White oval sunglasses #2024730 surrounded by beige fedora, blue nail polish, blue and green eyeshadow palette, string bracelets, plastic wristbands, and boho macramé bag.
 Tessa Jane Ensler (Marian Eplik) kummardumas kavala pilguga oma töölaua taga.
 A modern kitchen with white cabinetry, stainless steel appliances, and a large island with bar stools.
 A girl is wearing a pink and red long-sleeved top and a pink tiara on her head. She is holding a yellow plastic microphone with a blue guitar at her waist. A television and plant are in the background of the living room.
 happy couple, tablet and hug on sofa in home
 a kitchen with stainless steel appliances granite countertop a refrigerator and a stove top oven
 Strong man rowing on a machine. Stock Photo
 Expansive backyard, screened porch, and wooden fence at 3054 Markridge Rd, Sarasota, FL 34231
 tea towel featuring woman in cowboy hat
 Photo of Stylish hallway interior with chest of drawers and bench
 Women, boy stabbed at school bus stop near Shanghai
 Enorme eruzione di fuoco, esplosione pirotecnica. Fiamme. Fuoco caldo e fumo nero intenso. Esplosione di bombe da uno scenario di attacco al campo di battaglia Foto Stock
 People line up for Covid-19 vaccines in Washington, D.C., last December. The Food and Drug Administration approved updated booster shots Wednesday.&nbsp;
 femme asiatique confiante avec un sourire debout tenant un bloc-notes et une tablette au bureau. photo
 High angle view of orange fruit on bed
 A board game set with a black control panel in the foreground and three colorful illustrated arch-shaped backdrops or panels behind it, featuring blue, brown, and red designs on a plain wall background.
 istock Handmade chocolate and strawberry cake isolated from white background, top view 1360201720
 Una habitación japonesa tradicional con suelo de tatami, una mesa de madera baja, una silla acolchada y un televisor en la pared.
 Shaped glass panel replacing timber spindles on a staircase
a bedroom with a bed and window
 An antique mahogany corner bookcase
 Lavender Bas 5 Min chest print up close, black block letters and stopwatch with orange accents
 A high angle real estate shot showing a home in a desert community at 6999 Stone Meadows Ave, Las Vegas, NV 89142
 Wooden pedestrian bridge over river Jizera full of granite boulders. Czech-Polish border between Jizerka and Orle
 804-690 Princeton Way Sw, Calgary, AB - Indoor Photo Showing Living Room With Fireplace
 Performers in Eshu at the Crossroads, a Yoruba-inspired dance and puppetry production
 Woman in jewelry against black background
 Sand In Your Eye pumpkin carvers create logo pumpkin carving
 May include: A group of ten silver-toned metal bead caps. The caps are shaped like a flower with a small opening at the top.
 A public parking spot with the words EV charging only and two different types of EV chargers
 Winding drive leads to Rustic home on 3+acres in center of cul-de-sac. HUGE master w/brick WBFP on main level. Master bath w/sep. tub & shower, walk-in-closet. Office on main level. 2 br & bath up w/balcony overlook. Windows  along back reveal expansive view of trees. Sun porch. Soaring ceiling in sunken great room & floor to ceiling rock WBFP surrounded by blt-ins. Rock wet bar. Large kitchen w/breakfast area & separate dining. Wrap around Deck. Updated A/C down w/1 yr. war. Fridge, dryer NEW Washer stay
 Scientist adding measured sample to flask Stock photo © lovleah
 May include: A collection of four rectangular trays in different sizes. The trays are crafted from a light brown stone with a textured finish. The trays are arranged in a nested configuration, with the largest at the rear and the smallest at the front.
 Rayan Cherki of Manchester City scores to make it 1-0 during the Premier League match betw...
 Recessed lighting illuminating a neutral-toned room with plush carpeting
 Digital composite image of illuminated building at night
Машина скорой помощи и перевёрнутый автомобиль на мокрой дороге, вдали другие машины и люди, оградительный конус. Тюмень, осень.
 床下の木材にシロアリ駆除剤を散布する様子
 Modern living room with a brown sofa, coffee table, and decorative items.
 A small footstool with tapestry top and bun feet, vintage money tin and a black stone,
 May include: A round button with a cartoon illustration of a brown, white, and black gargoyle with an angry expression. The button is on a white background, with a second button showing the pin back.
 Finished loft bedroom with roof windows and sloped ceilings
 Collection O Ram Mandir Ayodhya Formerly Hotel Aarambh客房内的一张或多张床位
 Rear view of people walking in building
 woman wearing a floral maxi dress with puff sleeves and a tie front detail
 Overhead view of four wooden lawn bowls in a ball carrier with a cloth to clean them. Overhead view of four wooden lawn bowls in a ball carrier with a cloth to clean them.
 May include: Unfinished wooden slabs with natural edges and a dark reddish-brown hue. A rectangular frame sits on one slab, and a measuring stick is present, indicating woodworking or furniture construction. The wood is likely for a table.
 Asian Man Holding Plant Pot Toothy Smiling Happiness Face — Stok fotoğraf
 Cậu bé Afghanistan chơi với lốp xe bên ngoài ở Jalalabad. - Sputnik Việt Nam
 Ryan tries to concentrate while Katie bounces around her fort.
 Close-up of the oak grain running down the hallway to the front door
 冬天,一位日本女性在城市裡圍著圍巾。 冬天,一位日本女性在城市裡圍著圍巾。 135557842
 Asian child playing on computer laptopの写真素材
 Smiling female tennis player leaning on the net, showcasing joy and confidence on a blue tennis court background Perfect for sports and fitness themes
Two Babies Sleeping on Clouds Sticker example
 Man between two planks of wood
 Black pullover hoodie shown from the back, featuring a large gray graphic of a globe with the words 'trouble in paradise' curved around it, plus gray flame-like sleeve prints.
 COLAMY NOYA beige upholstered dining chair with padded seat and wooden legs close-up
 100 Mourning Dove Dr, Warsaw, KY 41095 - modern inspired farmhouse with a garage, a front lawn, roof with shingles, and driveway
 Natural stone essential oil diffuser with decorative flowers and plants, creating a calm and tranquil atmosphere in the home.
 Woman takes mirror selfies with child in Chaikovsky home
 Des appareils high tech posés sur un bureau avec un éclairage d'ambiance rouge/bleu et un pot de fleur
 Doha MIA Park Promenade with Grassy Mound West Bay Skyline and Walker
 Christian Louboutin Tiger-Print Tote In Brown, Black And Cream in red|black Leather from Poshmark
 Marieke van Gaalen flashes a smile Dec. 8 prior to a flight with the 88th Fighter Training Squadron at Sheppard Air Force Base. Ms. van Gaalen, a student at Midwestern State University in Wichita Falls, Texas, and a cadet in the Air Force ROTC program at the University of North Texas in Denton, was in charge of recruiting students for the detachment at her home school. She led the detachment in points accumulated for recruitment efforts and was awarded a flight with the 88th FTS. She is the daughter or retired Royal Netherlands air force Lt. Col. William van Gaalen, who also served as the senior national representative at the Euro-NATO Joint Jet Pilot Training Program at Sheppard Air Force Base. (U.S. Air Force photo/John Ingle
= = =
**Task**
For the lines above, output exactly those from the line containing "Doha MIA Park" through the line containing "Christian Louboutin Tiger-Print", and skip the others.

**Result of the task**
 Doha MIA Park Promenade with Grassy Mound West Bay Skyline and Walker
 Christian Louboutin Tiger-Print Tote In Brown, Black And Cream in red|black Leather from Poshmark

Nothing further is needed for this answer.